**Prompt:**
Among the lines below, output only those between the line holding "Toyota C-HR (2018) — foto 1" and the line holding "annrose socle bois", inclusive, exactly as written and with no pictures.

**Given information:**

• • • •

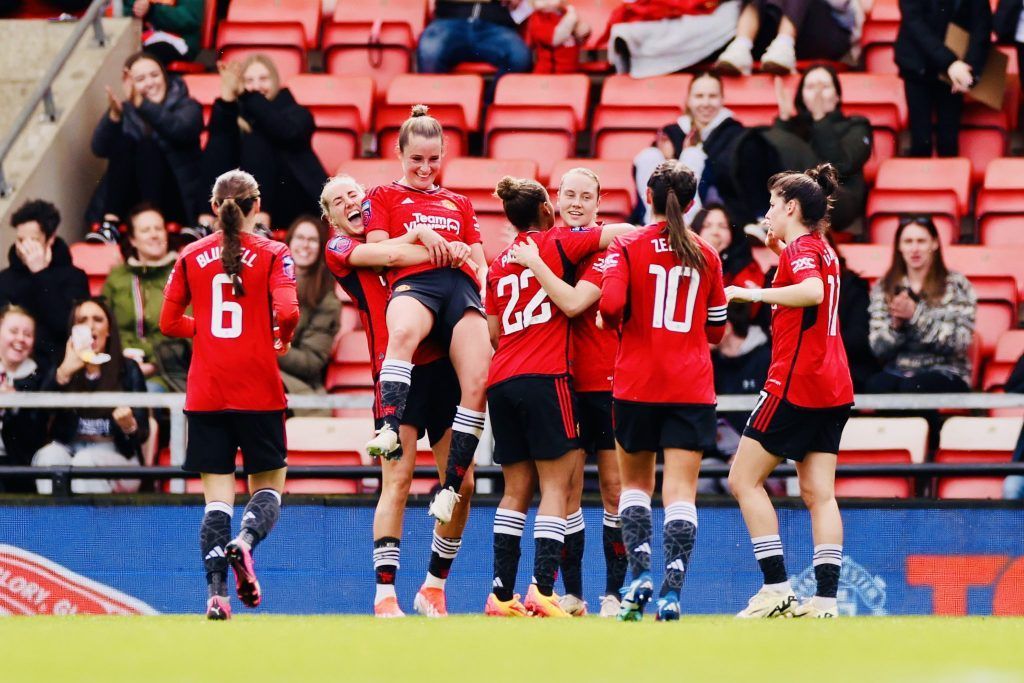 El United recupera el cuarto puesto. Las jugadoras locales festejan uno de los goles de Ella Toone.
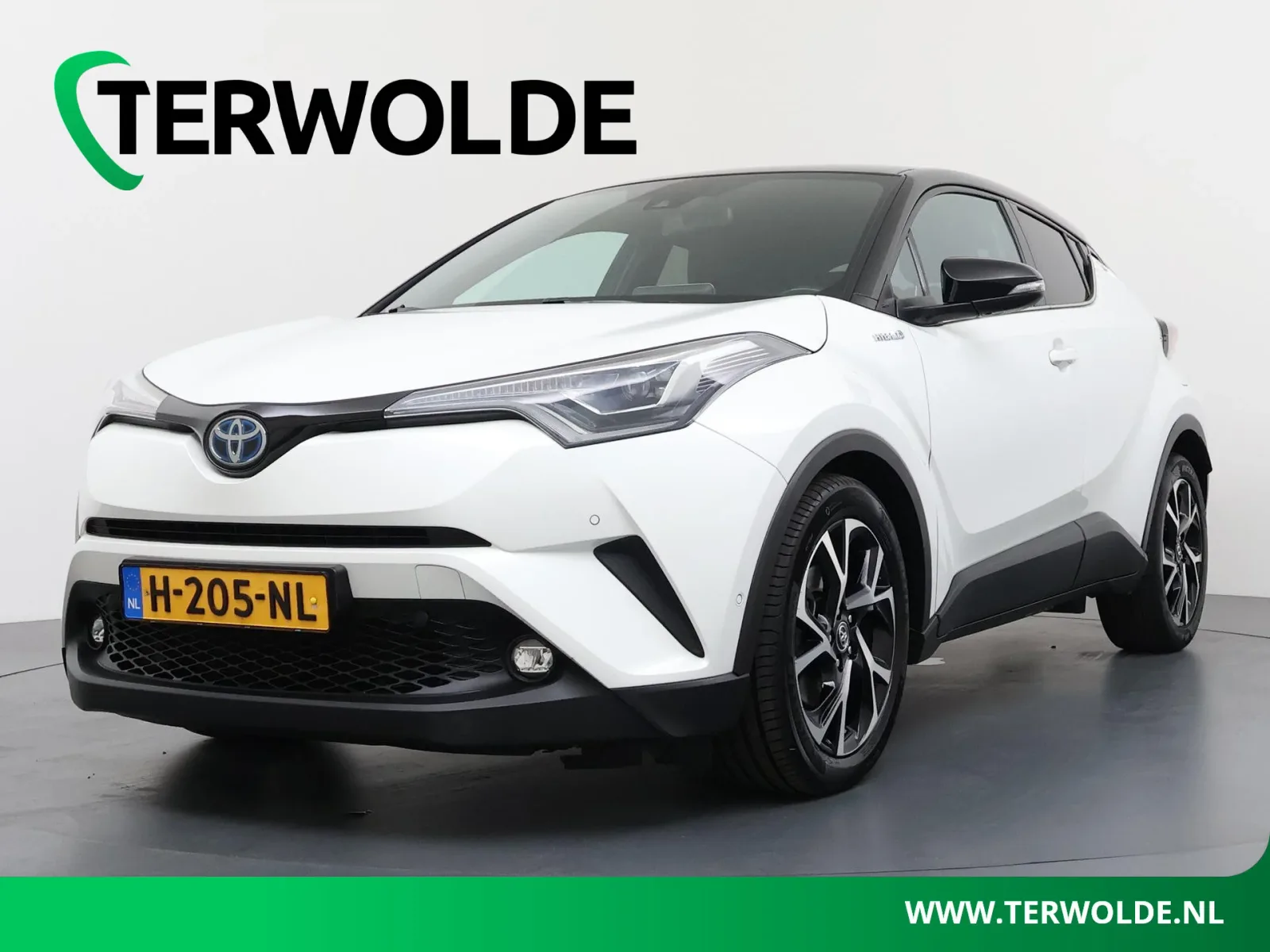 Toyota C-HR (2018) — foto 1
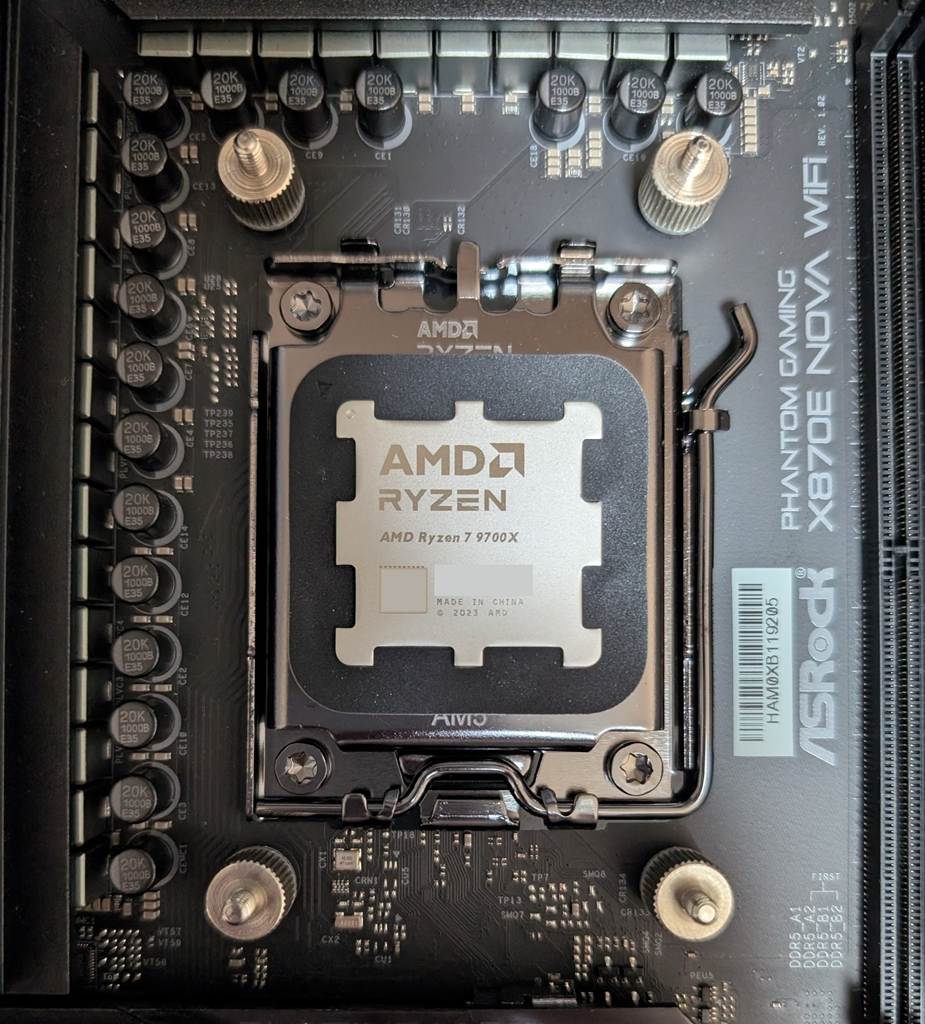 Ryzen 7 9700X ＆ X870E NOVA WiFiに更新。 | ゼトラの箱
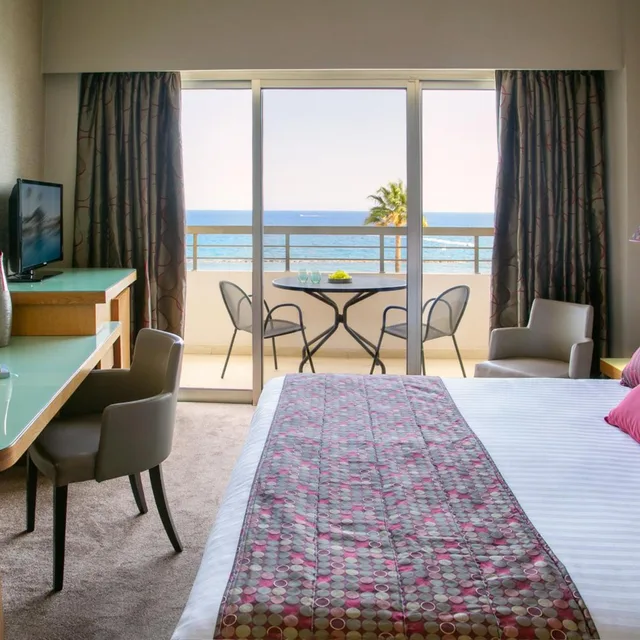 جناح جونيور بإطلالة على البحر مع أريكة، Atlantica Miramare Beach 3/5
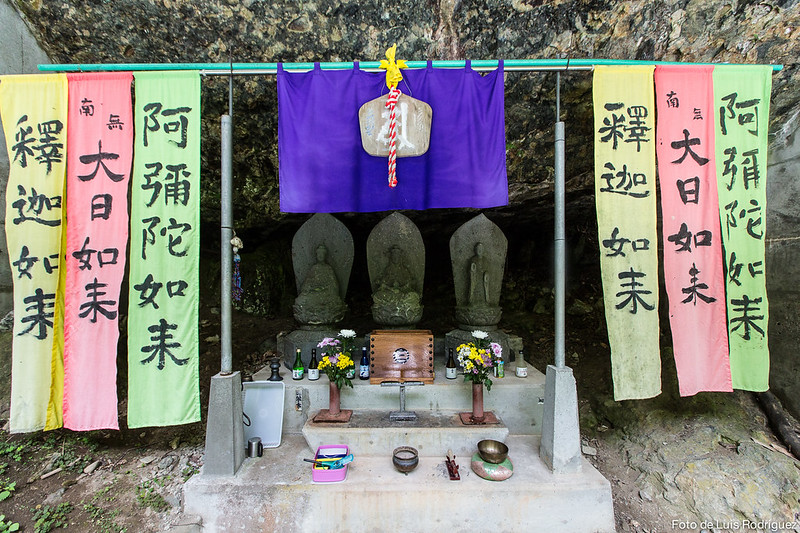 Las 3 estatuas de Buda Kanetsuri Sanzon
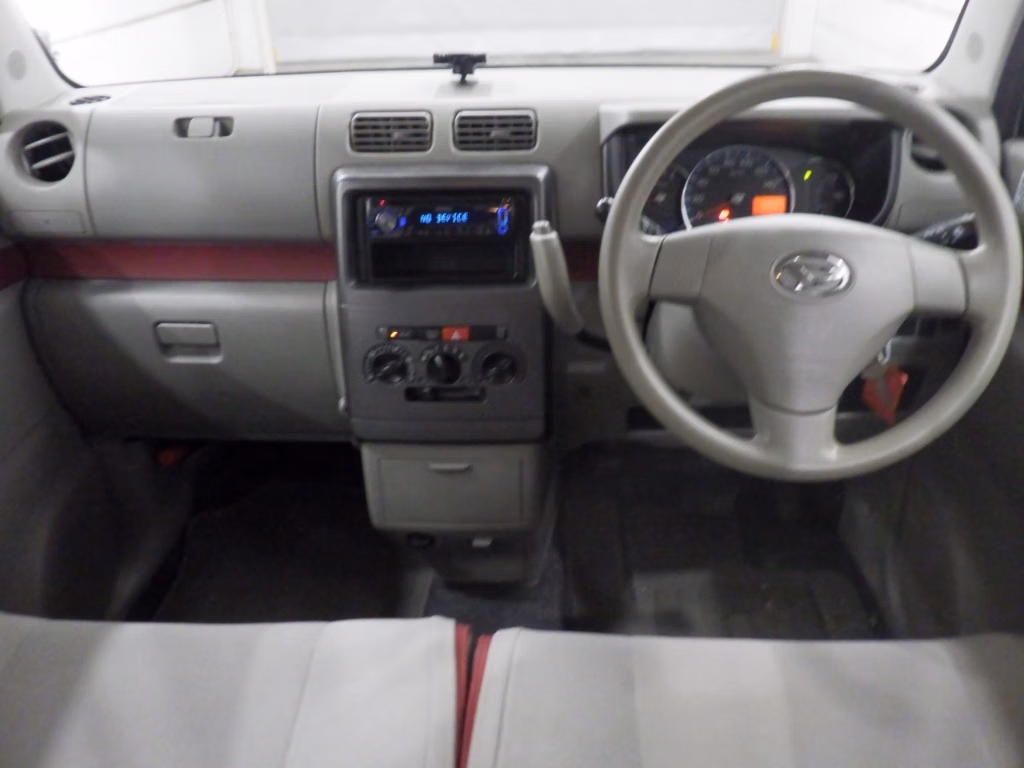 DAIHATSU MOVE CONTE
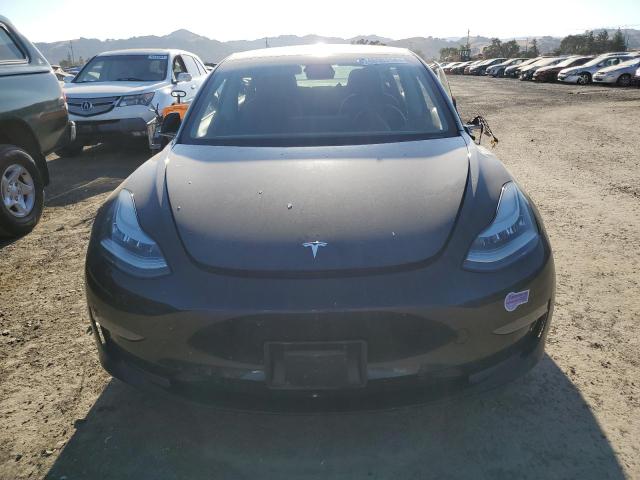 Photo 4 VIN: 5YJ3E1EA4JF154574 - TESLA MODEL 3 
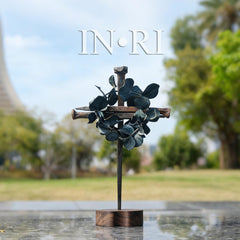 annrose socle bois de santal détail apportant chaleur et stabilité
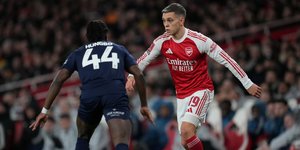 Με... περίπατο η Άρσεναλ στους «16» του FA Cup 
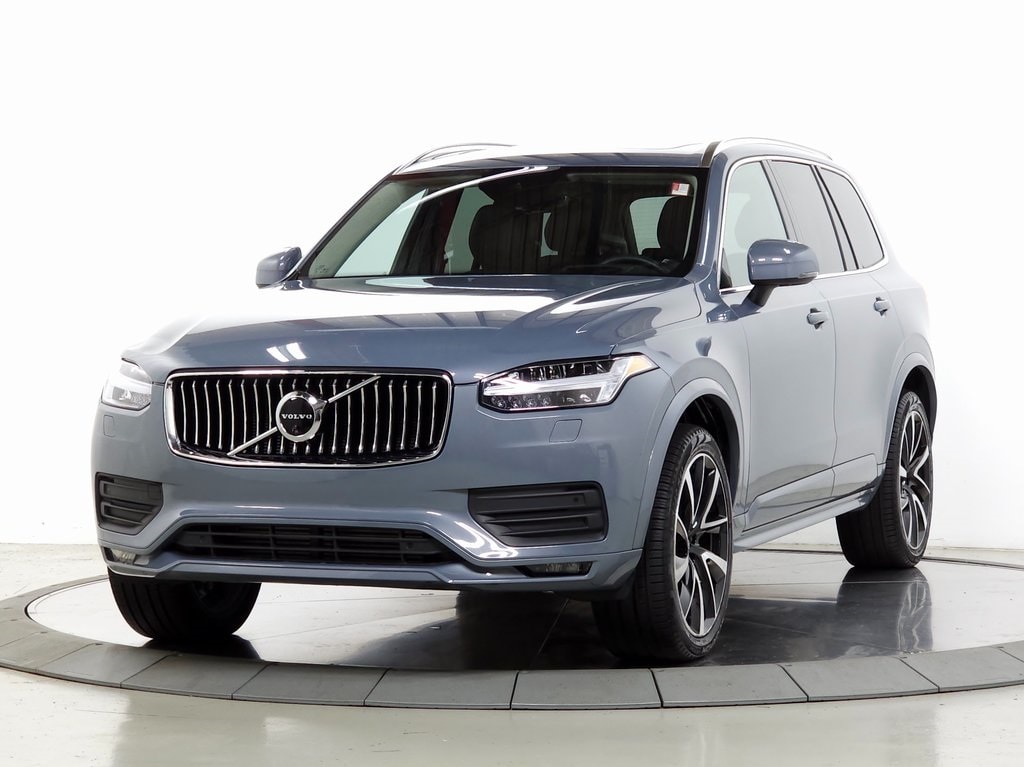 2022 Volvo XC90 T6 AWD Momentum 7 Seater 4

• • • •

**Task result:**
 Toyota C-HR (2018) — foto 1
 Ryzen 7 9700X ＆ X870E NOVA WiFiに更新。 | ゼトラの箱
 جناح جونيور بإطلالة على البحر مع أريكة، Atlantica Miramare Beach 3/5
 Las 3 estatuas de Buda Kanetsuri Sanzon
 DAIHATSU MOVE CONTE
 Photo 4 VIN: 5YJ3E1EA4JF154574 - TESLA MODEL 3 
 annrose socle bois de santal détail apportant chaleur et stabilité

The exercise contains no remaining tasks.